I am rarely ever in a good mood. If I am in a bad mood, I will not pretend to like you. I will get straight to the point of telling you to piss off. No one gets a free pass unless they are my partner.

Important information: I AM NOT GOD DAMN GOTH. -_-

I have been told by countless people that I scare them, and that they are afraid to try to talk to me. I assure you I am not a scary person. I am quite the opposite. I just come across as scary from my profile, as I need to show that side to people to protect myself. But that does not mean I will definitely reply to you, or be nice. I rarely reply, unless it is important, or a really good message, and I never reply or talk while in a bad mood. But don’t be afraid to talk to me. Unless you have something utterly pathetic and useless to say ..

I am very big on revenge. I will take revenge out on anyone who severly hurts me. Usaully on an ex or a person I date who screws me over.

I cant dance. I am the ‘two left feet’ kind. So please don’t ever make me dance ..

I am NOT online 24 fucking 7. And I find it quite creepy and irritating everytime someone mentions to me how often I am online, as they seem to notice every little move I make .. This is what I like to call an ‘online stalker’. You creeps can stay the fuck away from me or I will have your creepy pedo ass reported.

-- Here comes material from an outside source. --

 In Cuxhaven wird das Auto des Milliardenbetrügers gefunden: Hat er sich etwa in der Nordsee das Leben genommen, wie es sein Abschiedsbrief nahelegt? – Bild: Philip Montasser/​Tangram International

Don’t bother telling me I have anger issues or that I need to get my depression checked out by a professional. Already doing that monthly thankyou very much. Im not that god damn stupid .. I wouldn’t leave it be to just get worse. But you fucking assholes MAKE it worse, even though I am seeing people about getting it better. Don’t fucking bother telling me to get my attitude sorted out, when you’re the pricks who makes me this way. Making me angry then TELLING me to block and delete you, makes you no hero. It will only give me the urge to want to seriously hurt you in a very very gruesome way with absolutely no survival chance. So back the fuck off, leave my god damn attitude be at ease, and stay the fuck away from me.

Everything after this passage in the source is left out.